VITS: Conditional Variational Autoencoder with Adversarial Learning for End-to-End Text-to-Speechを読んだ

TTS (Text-to-speech) の代表的な手法である VITS の論文を読んだ。興味のあるところをメモする。

Conditional Variational Autoencoder with Adversarial Learning for End-to-End Text-to-Speech

Several recent end-to-end text-to-speech (TTS) models enabling single-stage training and parallel sampling have been proposed, but their sample quality does not match that of two-stage TTS systems. In this work, we present a parallel end-to-end TTS method that generates more natural sounding audio than current two-stage models. Our method adopts variational inference augmented with normalizing flows and an adversarial training process, which improves the expressive power of generative modeling. We also propose a stochastic duration predictor to synthesize speech with diverse rhythms from input text.
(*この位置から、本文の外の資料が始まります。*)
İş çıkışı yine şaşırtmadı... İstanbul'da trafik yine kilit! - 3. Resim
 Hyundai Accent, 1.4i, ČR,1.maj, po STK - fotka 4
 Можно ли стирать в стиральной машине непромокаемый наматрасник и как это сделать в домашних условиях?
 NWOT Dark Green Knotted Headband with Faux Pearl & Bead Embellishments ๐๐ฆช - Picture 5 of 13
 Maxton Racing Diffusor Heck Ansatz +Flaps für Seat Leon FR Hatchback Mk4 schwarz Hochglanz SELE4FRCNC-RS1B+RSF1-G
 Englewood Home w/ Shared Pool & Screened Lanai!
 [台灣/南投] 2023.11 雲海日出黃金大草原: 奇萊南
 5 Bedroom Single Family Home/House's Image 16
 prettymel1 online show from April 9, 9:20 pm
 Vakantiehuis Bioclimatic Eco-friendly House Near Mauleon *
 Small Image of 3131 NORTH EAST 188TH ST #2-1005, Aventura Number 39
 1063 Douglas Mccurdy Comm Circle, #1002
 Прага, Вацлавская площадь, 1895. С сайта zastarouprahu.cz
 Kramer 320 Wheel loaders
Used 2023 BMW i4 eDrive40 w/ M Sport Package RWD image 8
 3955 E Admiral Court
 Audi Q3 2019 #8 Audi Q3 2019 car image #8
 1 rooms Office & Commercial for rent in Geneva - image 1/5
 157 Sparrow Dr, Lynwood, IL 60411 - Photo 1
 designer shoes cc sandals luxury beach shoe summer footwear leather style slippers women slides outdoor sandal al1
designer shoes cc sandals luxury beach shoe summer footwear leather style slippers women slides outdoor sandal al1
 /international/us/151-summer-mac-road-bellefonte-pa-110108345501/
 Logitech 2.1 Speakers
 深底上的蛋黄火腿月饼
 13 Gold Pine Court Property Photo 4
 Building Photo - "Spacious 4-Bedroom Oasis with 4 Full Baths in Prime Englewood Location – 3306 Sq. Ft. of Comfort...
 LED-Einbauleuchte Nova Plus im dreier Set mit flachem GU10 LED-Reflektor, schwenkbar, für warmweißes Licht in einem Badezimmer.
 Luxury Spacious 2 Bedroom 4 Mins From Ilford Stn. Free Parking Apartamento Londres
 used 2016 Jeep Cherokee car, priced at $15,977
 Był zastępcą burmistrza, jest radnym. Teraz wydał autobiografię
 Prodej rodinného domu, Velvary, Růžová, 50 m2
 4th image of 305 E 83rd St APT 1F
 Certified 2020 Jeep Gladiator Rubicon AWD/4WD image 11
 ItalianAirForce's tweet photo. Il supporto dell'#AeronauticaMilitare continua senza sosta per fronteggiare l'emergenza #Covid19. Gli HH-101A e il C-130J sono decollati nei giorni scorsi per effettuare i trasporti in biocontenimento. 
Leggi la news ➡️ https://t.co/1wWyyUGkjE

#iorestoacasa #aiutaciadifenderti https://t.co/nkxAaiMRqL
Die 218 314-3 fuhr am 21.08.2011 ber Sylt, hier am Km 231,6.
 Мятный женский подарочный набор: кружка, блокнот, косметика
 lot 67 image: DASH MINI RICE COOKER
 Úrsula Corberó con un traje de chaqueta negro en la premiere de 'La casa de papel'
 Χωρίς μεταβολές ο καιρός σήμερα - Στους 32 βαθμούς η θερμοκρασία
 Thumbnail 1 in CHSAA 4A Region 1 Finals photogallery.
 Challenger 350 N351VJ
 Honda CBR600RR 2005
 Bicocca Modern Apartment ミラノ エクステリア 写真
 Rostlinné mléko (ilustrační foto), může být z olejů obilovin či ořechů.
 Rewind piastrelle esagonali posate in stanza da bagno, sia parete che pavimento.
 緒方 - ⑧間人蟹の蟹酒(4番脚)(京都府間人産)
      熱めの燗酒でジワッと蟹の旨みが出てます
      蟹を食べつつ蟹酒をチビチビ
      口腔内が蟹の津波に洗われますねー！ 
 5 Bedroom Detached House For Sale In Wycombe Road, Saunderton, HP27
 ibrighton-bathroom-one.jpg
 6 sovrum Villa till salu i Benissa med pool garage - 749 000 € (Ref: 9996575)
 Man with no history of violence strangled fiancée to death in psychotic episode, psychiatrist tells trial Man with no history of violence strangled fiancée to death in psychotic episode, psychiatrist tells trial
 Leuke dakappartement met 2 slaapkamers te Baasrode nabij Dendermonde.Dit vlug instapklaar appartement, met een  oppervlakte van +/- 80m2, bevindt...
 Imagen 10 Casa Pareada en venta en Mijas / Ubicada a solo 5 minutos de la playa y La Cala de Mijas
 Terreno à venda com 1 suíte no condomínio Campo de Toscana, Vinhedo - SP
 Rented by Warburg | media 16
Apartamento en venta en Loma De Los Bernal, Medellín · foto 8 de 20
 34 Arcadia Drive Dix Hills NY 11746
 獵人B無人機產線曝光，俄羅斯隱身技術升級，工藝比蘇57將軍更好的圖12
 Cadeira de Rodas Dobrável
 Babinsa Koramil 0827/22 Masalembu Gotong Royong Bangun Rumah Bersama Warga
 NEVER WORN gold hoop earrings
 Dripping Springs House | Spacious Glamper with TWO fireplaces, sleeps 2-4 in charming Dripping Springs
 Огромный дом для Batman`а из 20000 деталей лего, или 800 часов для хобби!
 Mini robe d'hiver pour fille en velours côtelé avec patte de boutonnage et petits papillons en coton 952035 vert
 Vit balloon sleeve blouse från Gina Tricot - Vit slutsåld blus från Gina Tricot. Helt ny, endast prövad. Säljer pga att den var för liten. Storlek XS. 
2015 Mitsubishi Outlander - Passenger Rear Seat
With the uncertainty modeling over latent variables and the stochastic duration predictor, our method expresses the natural one-to-many relationship in which a text input can be spoken in multiple ways with different pitches and rhythms. A subjective human evaluation (mean opinion score, or MOS) on the LJ Speech, a single speaker dataset, shows that our method outperforms the best publicly available TTS systems and achieves a MOS comparable to ground truth.

概要

VITS は Variational Inference with adversarial learning for end-to-end Text-to-Speech から文字を取ったもの。 HiFi-GAN V1 の Decoder と GAN、Glow-TTS から Text Encoderや音素継続時間推定、アライメントを組み合わせ改良している。HiFi-GAN V1 の Decoder 入力は潜在変数 $z$ に変更され、話者の多様性を考慮した形となっている。音素継続時間推定は Glow-TTS や FastSpeech の deterministic な方法ではなく、Flow を使った generative model としてデザインしている。

音素と音声の潜在変数を導入し、VAE により損失関数を介して接続して学習する。最終的な損失関数は以下となる。

\begin{aligned} L_{vae} = &\; \color{#2A2}L_{recon} + L_{kl}\color{#000} + \color{#22A}L_{dur}\color{#000} \\ &+ \color{#A22}L_{adv}(G) + L_{fm}(G)\color{#000} \end{aligned}

緑は VAE の損失関数、青は Stochastic Duration Predictor の損失関数、赤は GAN training の損失関数。

訓練時と推論時の手続き

(a) 訓練時と (b) 推論時で手続きが異なる。訓練時はスペクトログラム $x_{lin}$ を入力して Posterior Encoder によって潜在変数 $z$ を生成し、それを Decoder に入力する。 Decoder から生成された Raw waveform $\hat{y}$ は Descriminator によって Adversarial training を行う。これによって潜在変数 $z$ を介してスペクトログラムから音声波形を復元できるように学習する。

次の列にある Flow は可逆なニューラルネットを使って変換を行う手法。 VITS では Flow を話者の多様性の正規化を行うために用い、これを Normalizing flow $f_{\theta}(z)$ と呼ぶ。この関数は話者の特徴を取り除く働きをする。逆関数 $f^{-1}_{\theta}(z)$ は特定の話者の声に対応するように変換を行う。これは推論時に用いる。逆関数を使うことで特定話者への音声変換に応用できる。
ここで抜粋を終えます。